When usage hits 80%, the $JOB and 80+ $CONSOLE events gets sent. If usage hits 90%, the event gets sent. If the disk usage goes from sub-80 to 90+ in one scan, then all three events will be sent to SAM in the expected order: $JOB, 80+ $CONSOLE, 90+ $CONSOLE. When usage drops below 90%, the sub-90 $CONSOLE gets sent. When it drops below 80%, the sub-80 $CONSOLE will be sent.

If the usage drops from 90+ to under 80 in the same scan, only the sub-90 $CONSOLE will be sent because the alarm level 1 <disk> will be skipped since the disk's alarm level is still at 2.
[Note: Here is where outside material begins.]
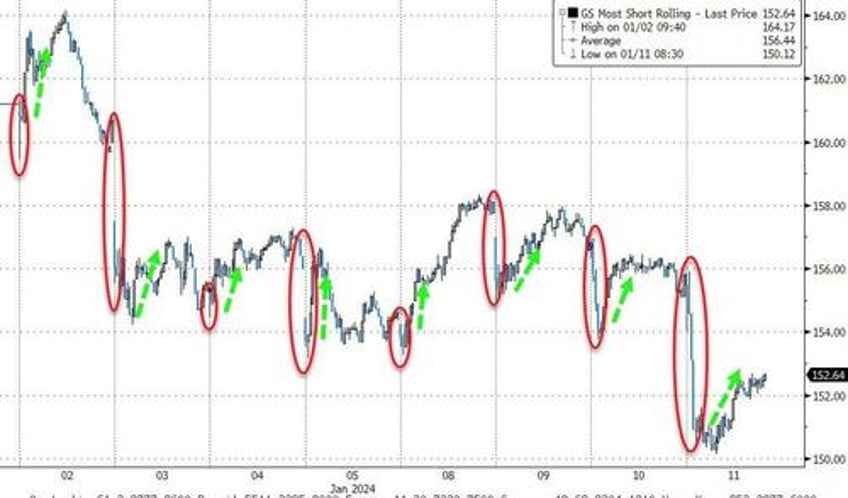 hot flation hammers hope crypto rips as yield curve bull steepens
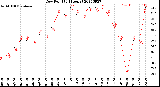 Milwaukee Weather Dew Point<br>(24 Hours)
If the usage remains below 80% for at least one more scan, the alarm level 1 <disk> will be executed during the next scan, at which point the sub-80 $CONSOLE will be sent to SAM. And, if it happens that the usage stays above 80%, but meanders above and below 90%, then the 90+ and sub-90 $CONSOLE events will be alternately sent until the usage drops below 80%.

It should be noted that as already inferred by the second paragraph in this section, <alarm_level> applies to the monitored resource and not to the disk <name> or <mount_point>, or the process <name> or <UID>. This means that two <disk> or <process> sections do not need to contain identical <name>, <mount_point>, or <UID> tags to reference the same resource.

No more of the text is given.